I know that some will argue that I’m contributing to the outsourcing of valuable U.S. jobs, taking away work that Americans can do and handing it over to underpaid foreign workers. It’s a valid argument. But as a small business operator in a very, very competitive environment, I simply couldn’t afford to grow my business without such inexpensive labor. Very few small businesses can, especially those that are in the creative markets. I, too, am competing against qualified, cheap professionals from overseas. I’m using whatever tools are at my arsenal — free or cheap open-source software, cloud computing, Elance — to maintain my business and still offer high-quality services.
Is it for everyone? Small businesses might appreciate the chance to hire contract workers for their IT, graphic design, and yes, writing needs at very affordable rates. Is it guaranteed to work for everyone? I concede that I may have gotten lucky on finding my super-duper transcriptionist. An article I read in a recent issue of BusinessWeek featured one Elance buyer who was burned by the IT guys he hired through the site from India. He forked over $750 and received mediocre work in return; essentially, they just “tweaked some sample designs.” He complained to the Elance folks and was able to get his money back.

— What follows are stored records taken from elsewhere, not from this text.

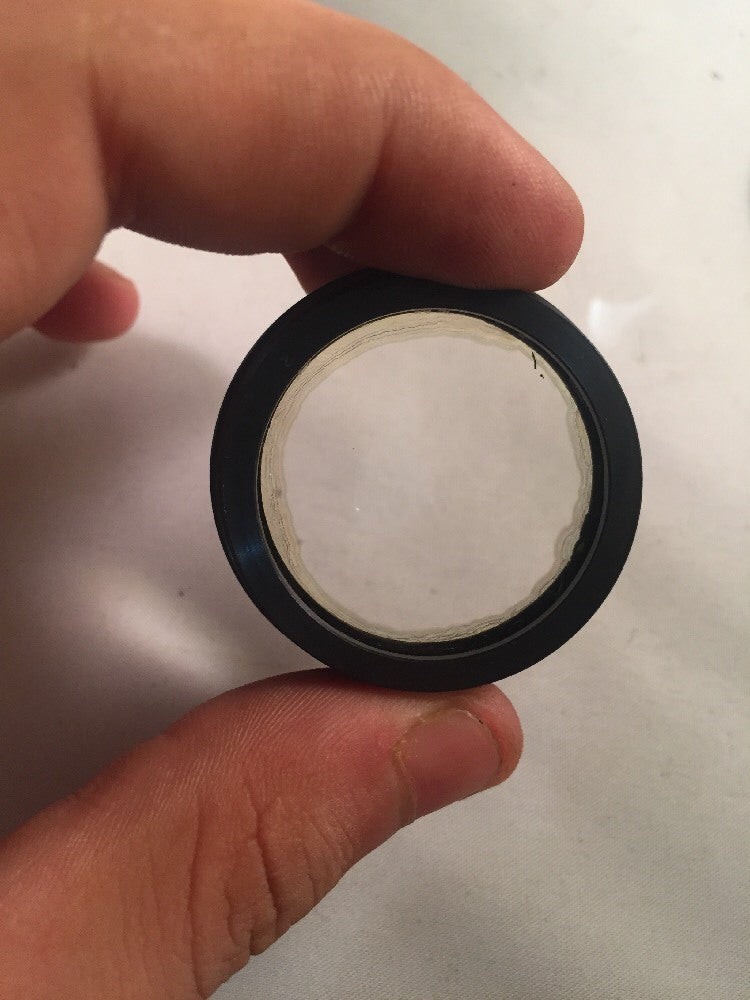 Dallmeyer 152mm 1:4.5 Enlarging Lens With Filter, Great Condition6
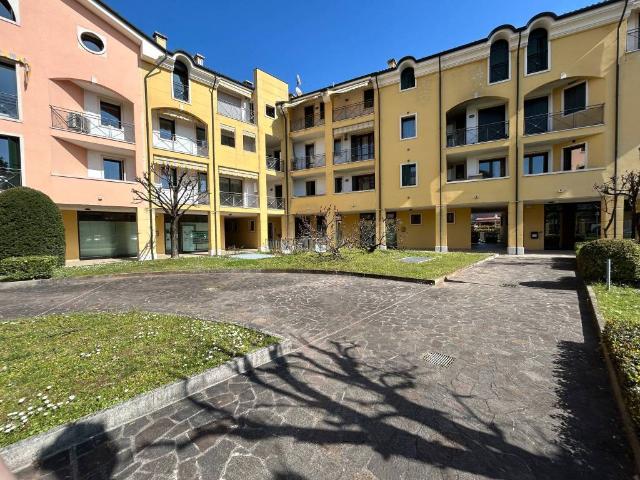 Appartamento in vendita a Montebello Vicentino VI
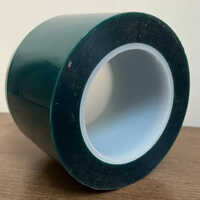 3M 8992 Polyester Adhesive Tape - Color: Green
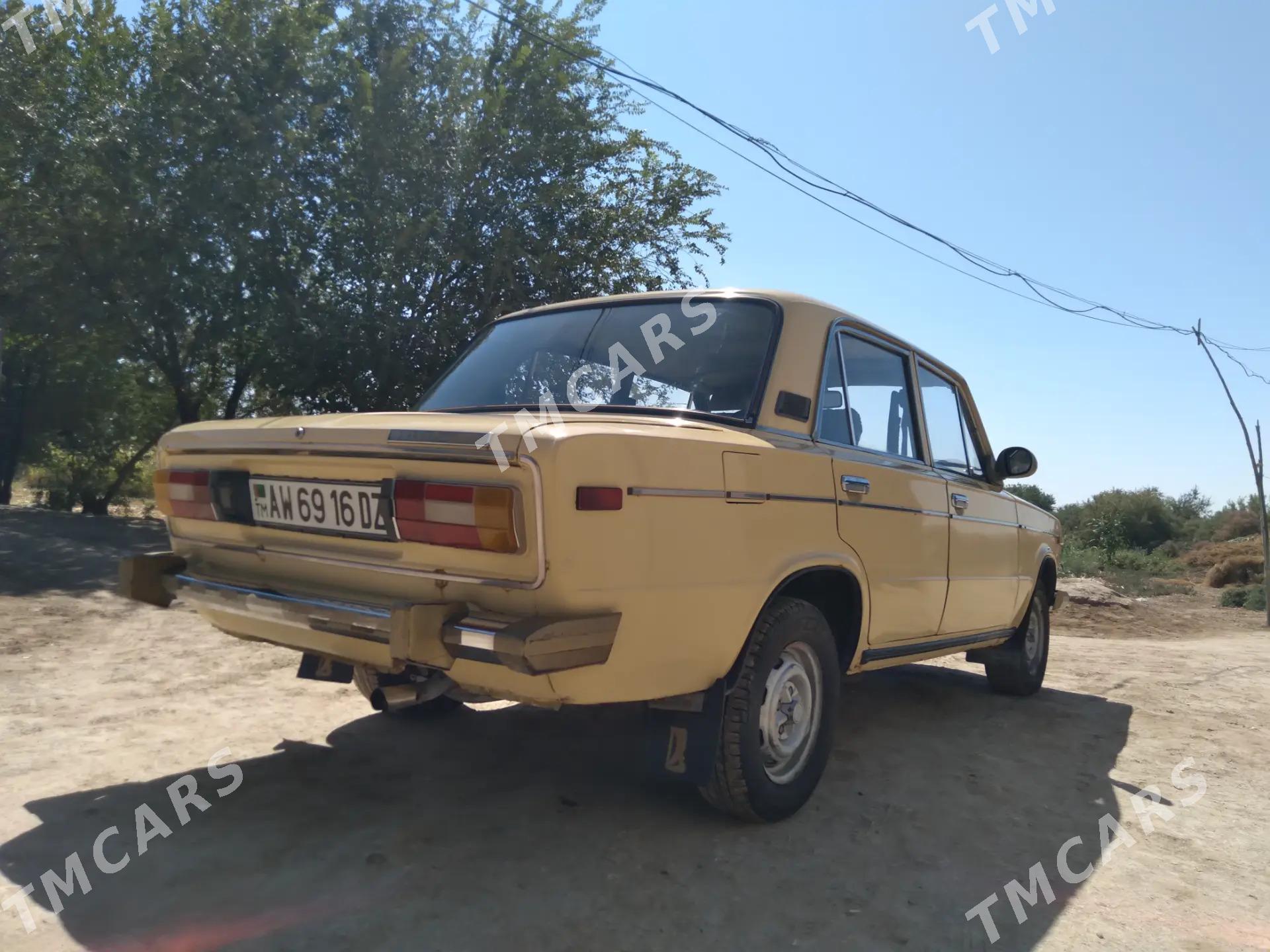 Lada 2106 1986 - 30 000 TMT - Türkmenbaşy etr. - img 1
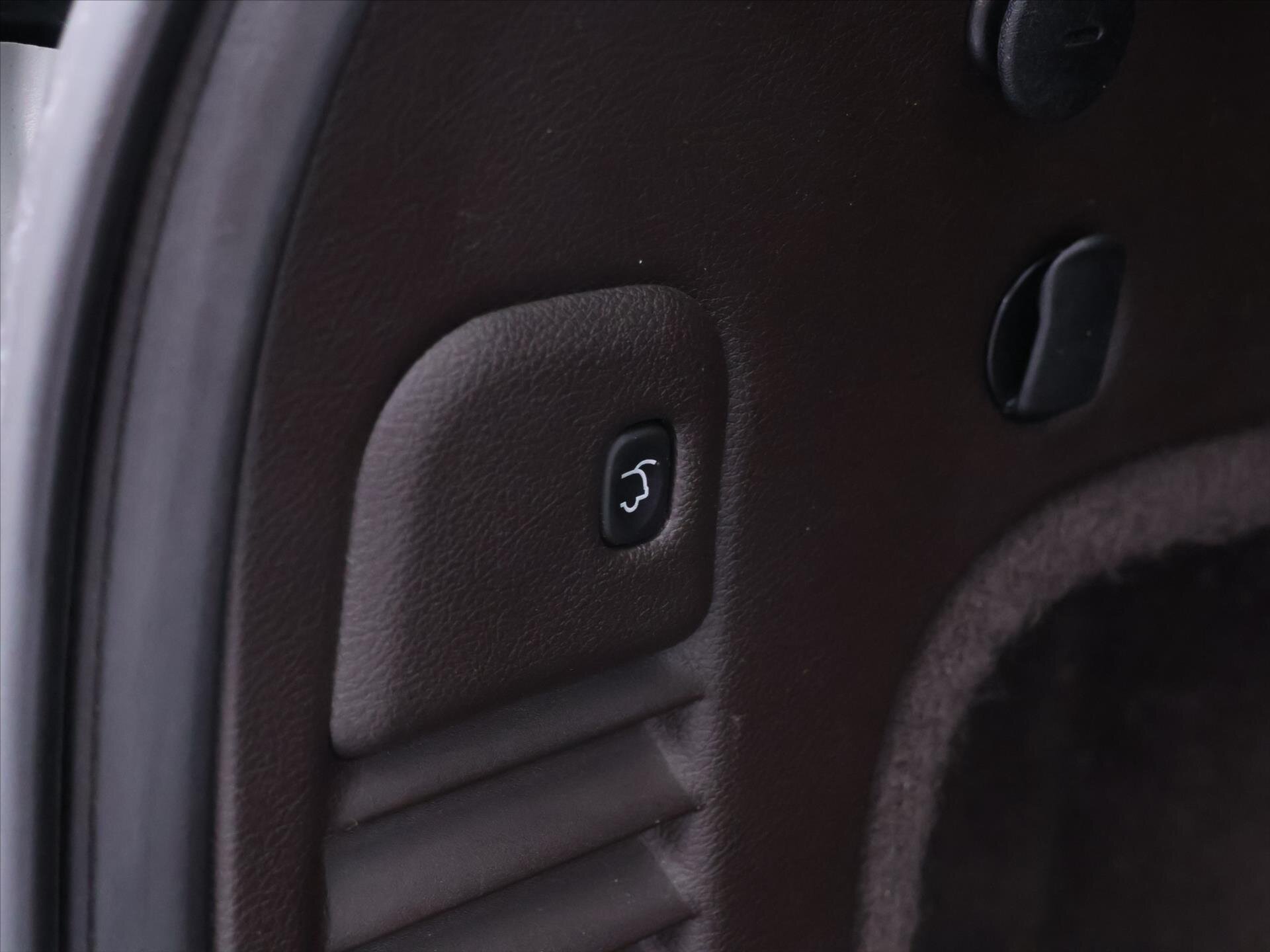 Jeep Grand Cherokee SUV / Terénní 3,0 l 184 kw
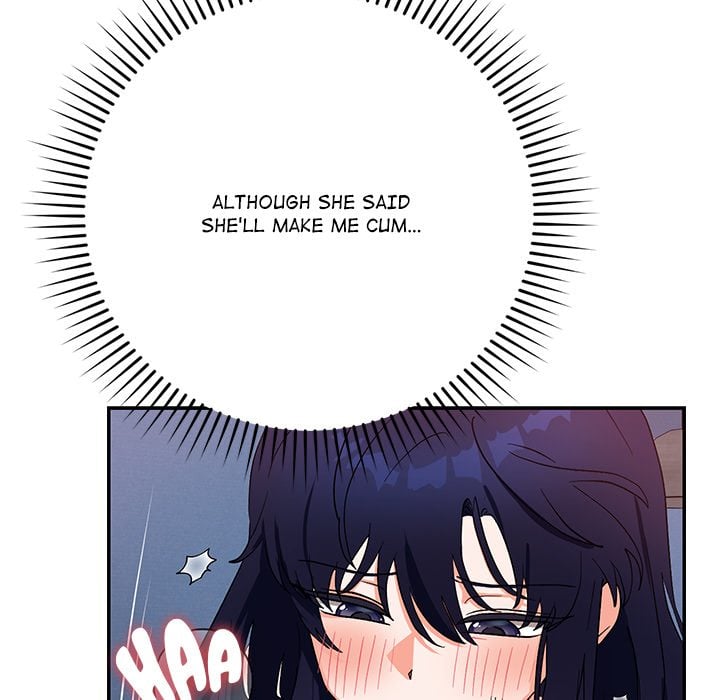 Saving My Magical Girl Chapter 12 - Page 45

He did try again, however, and found another firm that charged him $1,000 and did excellent work. The firm is based in — guess where — Oregon. Of the new firm, he says, “It was a match made in heaven.”
I might try my luck again at bidding for projects on Elance as a vendor, but for now I’m very, very happy as a buyer. As my business grows, I hope to pay her more, and perhaps even hire a virtual assistant. Someday.